C’est justement sur ce thème de l’« accès au marché » que Chedly Ayari, professeur d’économie à l’université de Tunis, a axé sa contribution au séminaire. Les échanges commerciaux de la Tunisie avec les dix nouveaux membres de l’UE sont modestes (seulement 173 millions d’euros en 2003). De même, la balance commerciale de la Tunisie avec ces pays est déficitaire (- 107 millions d’euros au cours de la même année). « Avec l’élargissement de l’UE, ce flux commercial ne pourra que s’accroître, et dans les deux sens », a noté le conférencier.

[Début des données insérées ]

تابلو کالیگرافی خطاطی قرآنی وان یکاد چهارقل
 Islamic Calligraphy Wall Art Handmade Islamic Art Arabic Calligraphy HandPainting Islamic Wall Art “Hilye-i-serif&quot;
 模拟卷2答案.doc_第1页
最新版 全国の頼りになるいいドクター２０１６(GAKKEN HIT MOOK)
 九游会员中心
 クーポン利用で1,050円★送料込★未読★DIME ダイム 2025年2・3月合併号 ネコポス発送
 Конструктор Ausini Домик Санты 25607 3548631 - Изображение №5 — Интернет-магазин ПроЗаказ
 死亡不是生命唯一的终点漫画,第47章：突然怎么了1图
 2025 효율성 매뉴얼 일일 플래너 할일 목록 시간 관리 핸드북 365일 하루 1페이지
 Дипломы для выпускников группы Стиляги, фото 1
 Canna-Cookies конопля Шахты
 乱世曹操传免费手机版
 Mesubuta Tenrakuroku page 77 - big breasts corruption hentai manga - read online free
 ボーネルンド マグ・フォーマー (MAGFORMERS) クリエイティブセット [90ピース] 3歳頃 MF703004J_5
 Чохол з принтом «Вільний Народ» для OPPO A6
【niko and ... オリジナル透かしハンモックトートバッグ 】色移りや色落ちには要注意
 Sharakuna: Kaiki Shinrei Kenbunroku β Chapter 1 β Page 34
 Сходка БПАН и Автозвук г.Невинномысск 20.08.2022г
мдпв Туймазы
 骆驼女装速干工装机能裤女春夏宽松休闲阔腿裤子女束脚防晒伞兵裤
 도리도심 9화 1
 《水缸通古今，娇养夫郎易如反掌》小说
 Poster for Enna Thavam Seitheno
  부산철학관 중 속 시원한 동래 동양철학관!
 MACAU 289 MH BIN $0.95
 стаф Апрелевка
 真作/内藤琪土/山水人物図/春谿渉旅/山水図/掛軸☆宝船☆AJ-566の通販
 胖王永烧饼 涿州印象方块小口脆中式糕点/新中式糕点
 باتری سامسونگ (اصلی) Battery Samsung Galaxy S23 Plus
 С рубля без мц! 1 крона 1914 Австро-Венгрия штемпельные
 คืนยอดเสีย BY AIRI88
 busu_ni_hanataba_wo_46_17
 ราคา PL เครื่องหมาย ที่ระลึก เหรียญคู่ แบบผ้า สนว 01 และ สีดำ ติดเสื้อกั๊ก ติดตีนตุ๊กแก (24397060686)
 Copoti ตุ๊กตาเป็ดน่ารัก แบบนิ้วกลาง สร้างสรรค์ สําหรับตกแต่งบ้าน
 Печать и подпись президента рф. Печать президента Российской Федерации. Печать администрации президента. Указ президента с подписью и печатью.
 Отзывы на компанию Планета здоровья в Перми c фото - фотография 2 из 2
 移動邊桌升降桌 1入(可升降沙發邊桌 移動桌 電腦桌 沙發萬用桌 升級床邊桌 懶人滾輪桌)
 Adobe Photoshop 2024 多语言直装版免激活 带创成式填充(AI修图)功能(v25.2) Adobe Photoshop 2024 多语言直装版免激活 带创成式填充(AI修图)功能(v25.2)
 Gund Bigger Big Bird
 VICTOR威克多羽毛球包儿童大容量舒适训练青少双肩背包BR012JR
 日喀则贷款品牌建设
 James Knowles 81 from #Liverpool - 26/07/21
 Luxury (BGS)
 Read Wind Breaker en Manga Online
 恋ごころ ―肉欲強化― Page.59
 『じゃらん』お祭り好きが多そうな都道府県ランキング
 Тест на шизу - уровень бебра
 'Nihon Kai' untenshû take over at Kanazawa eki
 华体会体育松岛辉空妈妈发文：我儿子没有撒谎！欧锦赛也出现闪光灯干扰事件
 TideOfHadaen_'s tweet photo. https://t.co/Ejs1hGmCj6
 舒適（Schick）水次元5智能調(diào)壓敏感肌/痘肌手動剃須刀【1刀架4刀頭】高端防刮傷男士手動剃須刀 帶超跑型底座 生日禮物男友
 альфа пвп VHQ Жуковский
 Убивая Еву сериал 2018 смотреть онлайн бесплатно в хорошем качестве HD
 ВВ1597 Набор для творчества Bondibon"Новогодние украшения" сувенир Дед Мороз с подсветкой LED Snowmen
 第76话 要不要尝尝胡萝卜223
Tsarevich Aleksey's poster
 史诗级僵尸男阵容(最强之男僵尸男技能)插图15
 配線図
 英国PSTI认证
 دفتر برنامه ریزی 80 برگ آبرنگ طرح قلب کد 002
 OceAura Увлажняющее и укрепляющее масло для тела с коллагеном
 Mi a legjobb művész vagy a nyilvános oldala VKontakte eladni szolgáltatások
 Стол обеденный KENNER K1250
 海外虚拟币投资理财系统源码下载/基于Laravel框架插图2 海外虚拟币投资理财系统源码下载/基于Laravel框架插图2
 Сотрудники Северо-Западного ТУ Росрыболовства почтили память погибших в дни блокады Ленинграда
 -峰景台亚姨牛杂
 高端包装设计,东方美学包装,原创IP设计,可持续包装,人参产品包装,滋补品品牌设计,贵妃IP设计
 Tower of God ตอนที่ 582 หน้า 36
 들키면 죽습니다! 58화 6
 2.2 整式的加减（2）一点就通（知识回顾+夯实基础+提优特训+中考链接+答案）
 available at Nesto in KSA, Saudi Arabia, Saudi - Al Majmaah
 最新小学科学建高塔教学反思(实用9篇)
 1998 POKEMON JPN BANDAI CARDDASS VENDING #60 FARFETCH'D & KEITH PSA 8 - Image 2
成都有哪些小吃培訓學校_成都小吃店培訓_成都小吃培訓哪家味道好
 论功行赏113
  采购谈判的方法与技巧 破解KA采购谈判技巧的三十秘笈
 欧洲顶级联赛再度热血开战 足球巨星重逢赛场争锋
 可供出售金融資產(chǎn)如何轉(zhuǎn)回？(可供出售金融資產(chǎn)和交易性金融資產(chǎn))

Chedly Ayari a relevé un autre enjeu : l’Allemagne absorbe près de la moitié des échanges des nouveaux membres de l’Union. Si ce tropisme germanique perdure, les parts de marché de la Tunisie sur le marché allemand – qui absorbe 18 % des exportations du pays – risquent de se rétrécir comme peau de chagrin. Autre indicateur qui devrait inquiéter les Tunisiens : leurs parts sur le marché européen (qui représente 80 % de leurs exportations) sont restées stables – autour de 0,6 % entre 1995 et 2001 – alors que celles des nouveaux membres de l’UE ont augmenté de manière sensible. Ainsi, par exemple, les parts de la Hongrie sont passées de 1,4 % à 2,4 % et celles de la République tchèque de 1,7 % à 2,4 %. Si cette tendance se renforce, les exportateurs tunisiens ont de quoi s’inquiéter. Pis : le trade diversion (« détournement du trafic commercial ») pourrait se faire à leurs dépens.
En guise de conclusion, l’ancien ministre de l’Économie a appelé à une « initiative Est-Sud » ou « 10 + 10 », qui réunirait les 10 nouveaux États membres de l’UE et les 10 PPM. Objectif : renforcer la coopération entre les deux ensembles, notamment dans le secteur des technologies de pointe, où leurs expériences et expertises respectives pourraient être complémentaires dans le cadre du grand marché euro-méditerranéen.